Cobalt Blue has announced a decrease in both capital and operating costs in its recent update for the Broken Hill Cobalt project, which uses a unique processing route. Other highlights include an increase in reserves and a longer mine life.
Cobalt Blue is looking at building an integrated mine/refinery operation producing cobalt and elemental sulphur. It has also already entered into various marketing and trading agreements with LG International, Sojitz Corporation and Mitsubishi.
Broken Hill is one of several primary cobalt projects covered by Roskill within its technical and financial evaluation work. Under the Roskill study, Broken Hill is shown to have high exposure to fluctuations in the cobalt market because of co-production of other metals by other producers. Under a long-term cobalt price of US$27.50lb, cobalt is expected to account for 84% of net revenue, with the balance coming from sulphur (long-term price US$123/t).
It should also be noted that Cobalt Blue’s recent update is based on pre-feasibility work, and includes inferred resources; therefore, more work will be needed to increase confidence levels in the project.

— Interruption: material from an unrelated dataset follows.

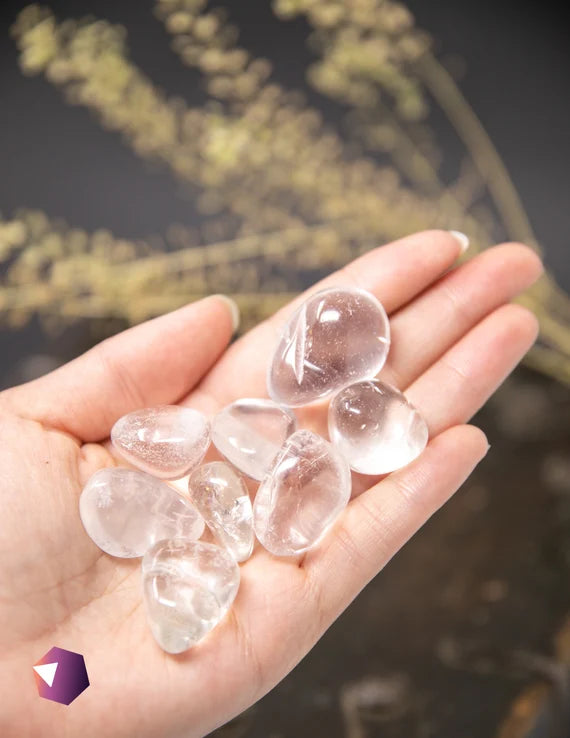 Clear Quartz Tumble Stone – Natural Polished Stone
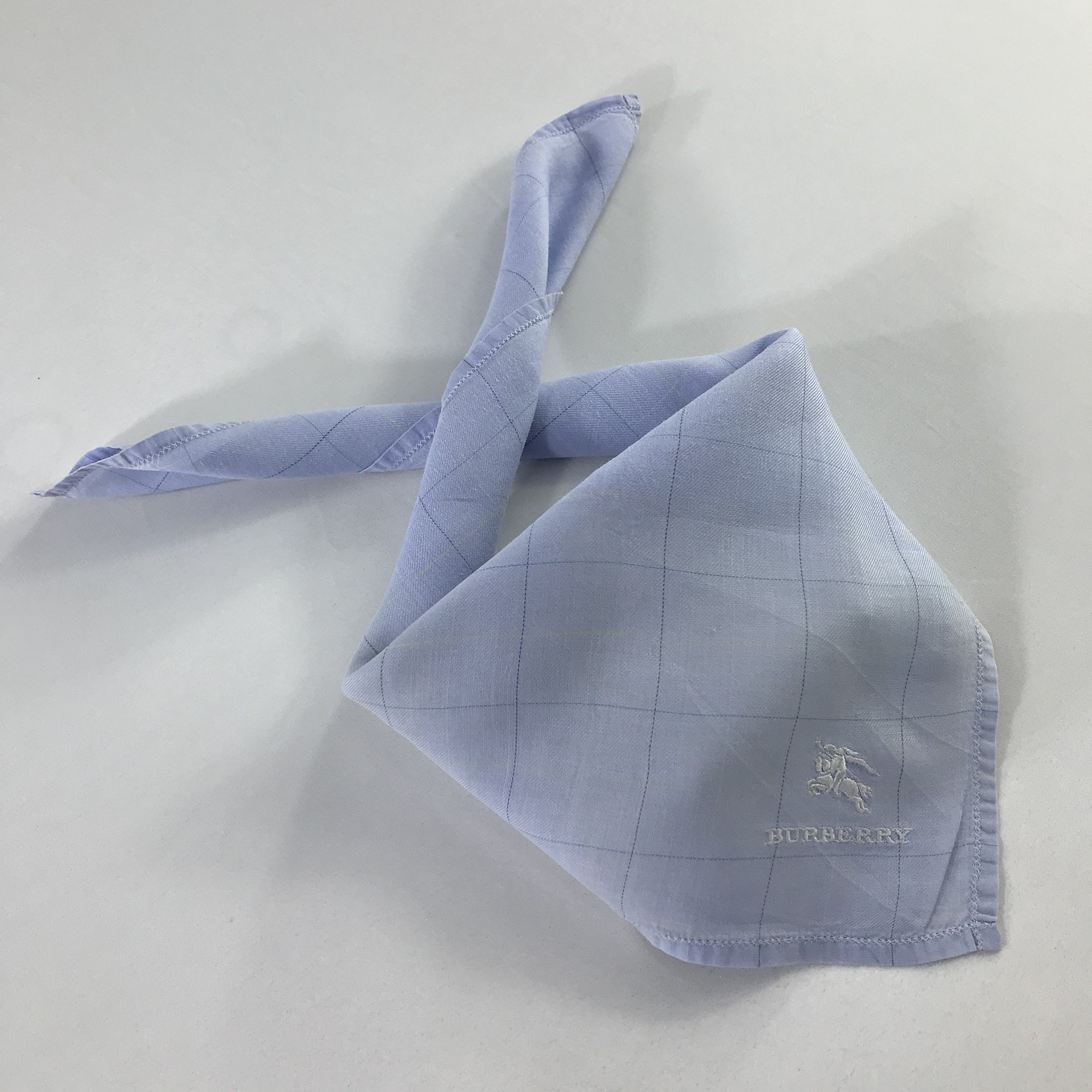 Burberry × Vintage Burberry Bandana / Handkerchief / Neckerchief - S803 Size ONE SIZE - 4 Thumbnail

Cobalt Blue has developed and patented a unique flow sheet for the operation. Test results released by Cobalt Blue have been positive to date, although will need to be scaled up for commercial production. The assumed cobalt and sulphur recoveries are 85.5% and 64.4% respectively. The proposed flow sheet has a different approach in the use of pyrolysis to treat the pyrite concentrate, thus avoiding the production of SO2 and the associated costs of disposal.
A key determinant for the development of the project is the viability of the proposed processing route and Roskill will be keeping a close eye on upcoming pilot and demonstration plant results.